[DFDL-WG] clarification needed - ambiguity about empty string and optional element

Steve Hanson smh at uk.ibm.com
Thu Aug 2 12:08:23 EDT 2018


First thing to note is that 'anyEmpty' means the sequence is 
non-positional, and in such a sequence I would expect initiators to be 
defined.

EmptyValueDelimiterPolicy not relevant as no initiator or terminator.

"Since the 'y' element decl does not specify a XSD default value, the 
concept of 'empty' and defaulting doesn't apply here". Not correct. The 
concept of empty applies; defaulting happens if empty & required & default 
set. 

For your "foo;" example, the infoset should not contain </y> because y is 
optional & empty & does not have initiator (spec 9.4.2.2):

Optional occurrence: If dfdl:emptyValueDelimiterPolicy is not 'none' then 
an item is added to the Infoset using empty string (type xs:string) or 
empty hexBinary (type xs:hexBinary) as the value, otherwise nothing is 
added to the Infoset. 

I think that the sentence can be clarified to say:

Optional occurrence: If dfdl:emptyValueDelimiterPolicy is applicable and 
not 'none' then an item is added to the Infoset using empty string (type 
xs:string) or empty hexBinary (type xs:hexBinary) as the value, otherwise 
nothing is added to the Infoset. 

Regards
 
Steve Hanson
IBM Hybrid Integration, Hursley, UK
Architect, IBM DFDL
Co-Chair, OGF DFDL Working Group
smh at uk.ibm.com
tel:+44-1962-815848
mob:+44-7717-378890
Note: I work Tuesday to Friday 



From:   Mike Beckerle <mbeckerle.dfdl at gmail.com>
To:     dfdl-wg at ogf.org
Date:   01/08/2018 19:42
Subject:        Re: [DFDL-WG] clarification needed - ambiguity about empty 
string  and optional element
Sent by:        "dfdl-wg" <dfdl-wg-bounces at ogf.org>



I omitted that dfdl:emptyValueDelimiterPolicy is 'both' here, though no 
dfdl:initiator nor dfdl:terminator are defined. 

Mike Beckerle | OGF DFDL Workgroup Co-Chair | Tresys Technology | 
www.tresys.com
Please note: Contributions to the DFDL Workgroup's email discussions are 
subject to the OGF Intellectual Property Policy


On Wed, Jul 11, 2018 at 8:16 AM, Mike Beckerle <mbeckerle.dfdl at gmail.com> 
wrote:
Consider this data of 4 characters:

foo;

Consider this schema where the default format is the basic general set of 
text-oriented defaults.

<xs:element name="ex_infix" dfdl:lengthKind="implicit">
  <xs:complexType>
    <xs:sequence dfdl:separator=";" 
dfdl:separatorSuppressionPolicy="anyEmpty" dfdl:separatorPosition="infix">
       <xs:element name="x" type="xs:string" dfdl:lengthKind="delimited"/>
       <xs:element name="y" type="xs:string" minOccurs="0" 
          dfdl:lengthKind="delimited"
          dfdl:occursCountKind="implicit"/>
   </xs:sequence>
 </xs:complexType>
</xs:element>
           
This is in a current Daffodil unit test, and produces this infoset:

<ex_infix><x>foo</x><y/></ex_infix>

That is, an empty string element is created for element 'y'. 
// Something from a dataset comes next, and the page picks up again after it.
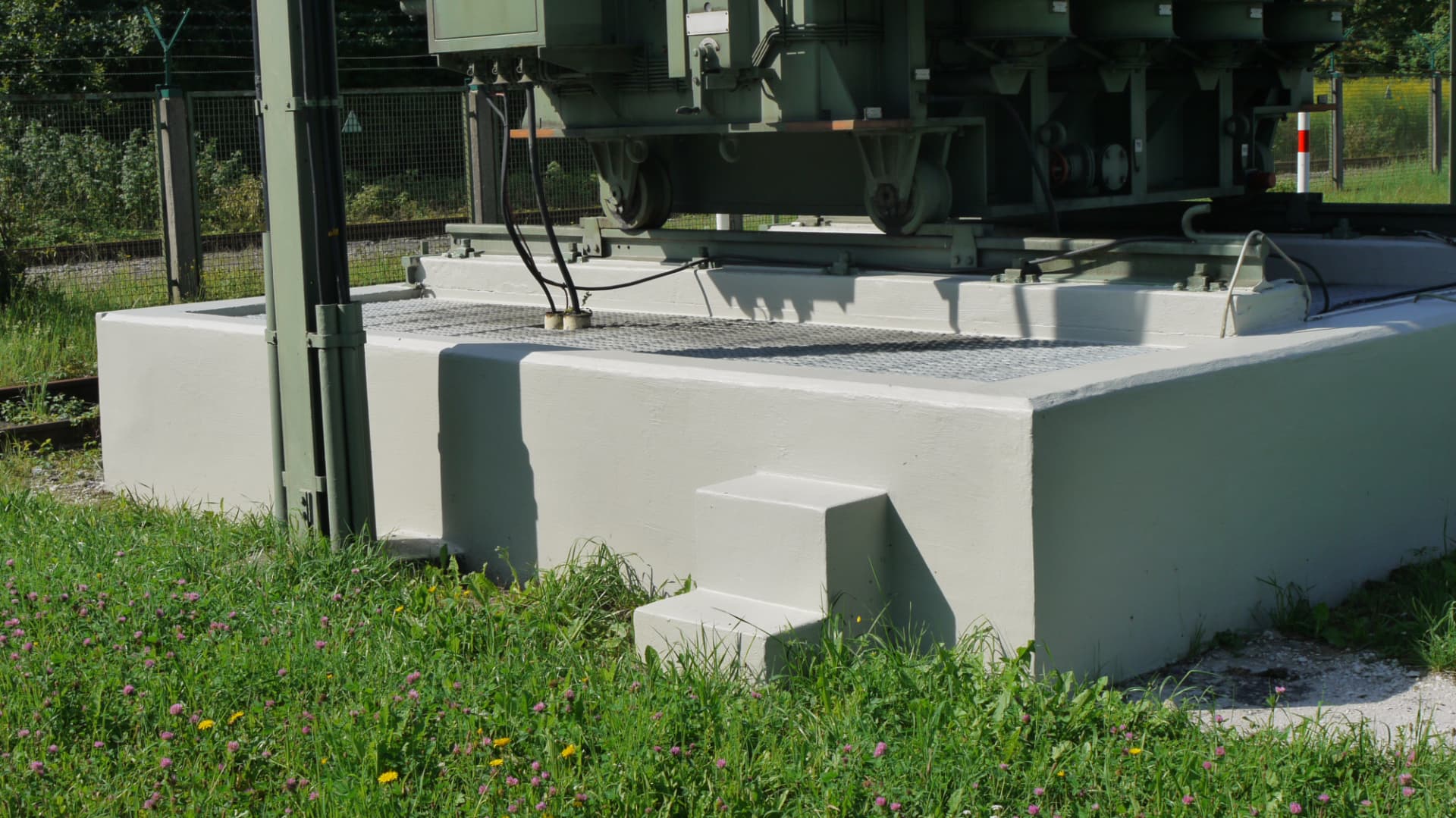 Instandgesetzter und beschichteter Betonsockel mit Auffangwanne im Umspannwerk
I'd like to know what IBM DFDL produces as the infoset for this example. 

I believe the DFDL spec is actually self-contradictory and so ambiguous 
here about what is the right behavior.

DFDL Spec 14.2.1 description of anyEmpty: "...any occurrences that have 
zero length representation MAY be omitted from the data, along with their 
associated separator." 
Note that it says "may", not "must be". So anyEmpty is "lax" in insisting 
that the zero-length elements aren't present.
This doesn't clarify anything for us. But it admits the possibility that 
the ";" separator appears even if the 'y' element occurrence is determined 
to not exist.  

DFDL Spec 9.3.1.1 says an element is known to exist if it has the nil, 
empty, or normal representation
In the example, element 'y' is zero-length which is either empty or normal 
representation since a string can have "" (empty string) as a value. 
Since the 'y' element decl does not specify a XSD default value, the 
concept of 'empty' and defaulting doesn't apply here, so a zero-length 
string is a normal representation, and according to this section, it is 
known-to-exist.  
This contradicts 9.4.2.2 below.

DFDL Spec 9.3.1.3 says "Note: based on the above, when processing a 
sequence for which a separator is defined, the presence of a match in the 
data for the separator is not sufficient to cause the parser to determine 
that an associated component is known-to-exist." It then refers you to 
14.2.1
I don't think this changes anything. Again it just admits that the 
separator ";" can appear even without the following element. I.e., I think 
it just allows for lax processing of excess separators.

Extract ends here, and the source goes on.